I loved that kid. Loved his mom, loved his two twin brothers.

I saw friends.

And our law enforcement was apparently looking at this family and seeing “scary people”.

I wanted to do something. I wanted to change that prejudice. How could they not see the kid on the left as just as awesome, just as much fun, just as wonderful, as the kid on the right, or the kids in the middle?

I feel so helpless, watching my country tearing itself apart like this. Baton Rouge, Falcon Heights,  Dallas–how are we still fighting this war? (I looked back to my post after Ferguson–I said the same thing. Arghh!!!)  How do people look at that picture of those awesome kids and not see four beautiful boys?

How are we still giving guns to assholes who think guns are the answer? That’s cops and snipers and terrorists–all of them. The number one questionnaire on the paperwork to get a gun should be, “Do you think the gun is the answer?”

IT’S NOT THE FUCKING ANSWER, PEOPLE!!!!

Ask a school teacher who walks into her classroom unarmed, if she thinks a gun would make her job better or worse. She doesn’t have a gun to enforce order–she has personal skills to de-escalate situations. She has respect for her students and a willingness to do what’s best for them at the expense of her own ego. She has the knowledge that if things go south, she needs to rely on her wits and her own force of will.

I recently found out that an old colleague of mine talked a kid out of his gun in the middle of her classroom. He handed her the thing and she said, “I”m sorry. I’ve never touched one of these. I don’t know what to do with it.”
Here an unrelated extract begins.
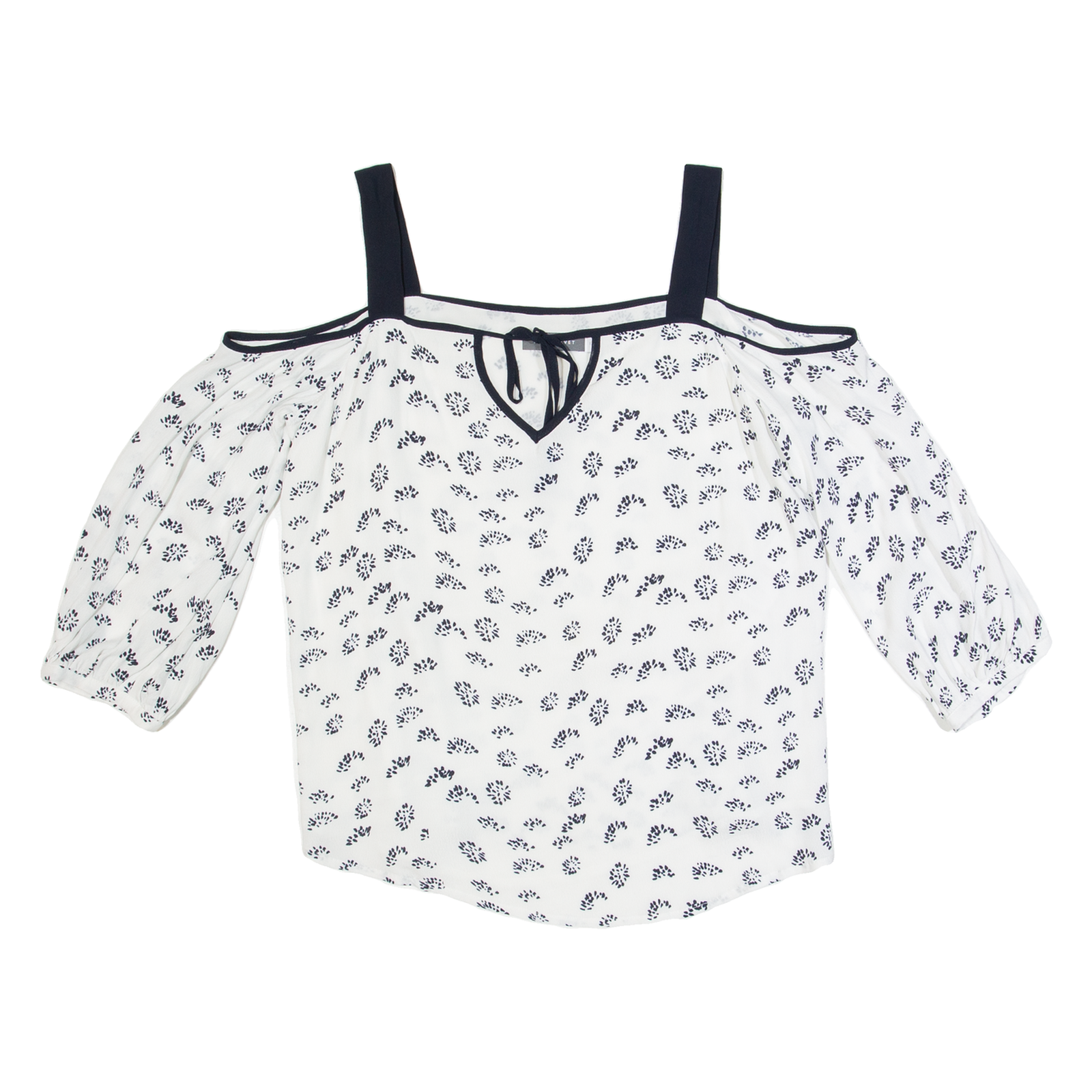MINT VELVET Womens Printed Top White 3/4 Sleeve Crazy Pattern UK 12 Refurbished - N/A refurbished available on Cerqular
“Maybe we should just put it down.”

Do you know what would have happened if a cop had been in that room?

Everybody would have fucking died, because he would have drawn another gun and there was nowhere else to go.

And I know policemen–black and white policemen, for anybody who cares. They are good men. They are kind, and good fathers. I’ve seen them studying for sergeants exams and restless because injuries have kept them out of the field. They’ve been kind to me (soccer parents are mostly kind, I’ve found) and funny, and have laughed at my dumb jokes and rooted for my kids on the field.

I don’t want to go to their funerals. Their children must be so scared.

I know I am so afraid–for everybody.

But mostly for those boys in the picture, and their siblings, and the other children they’re growing up with. Because we have let them down.

Because we’re still fighting this war.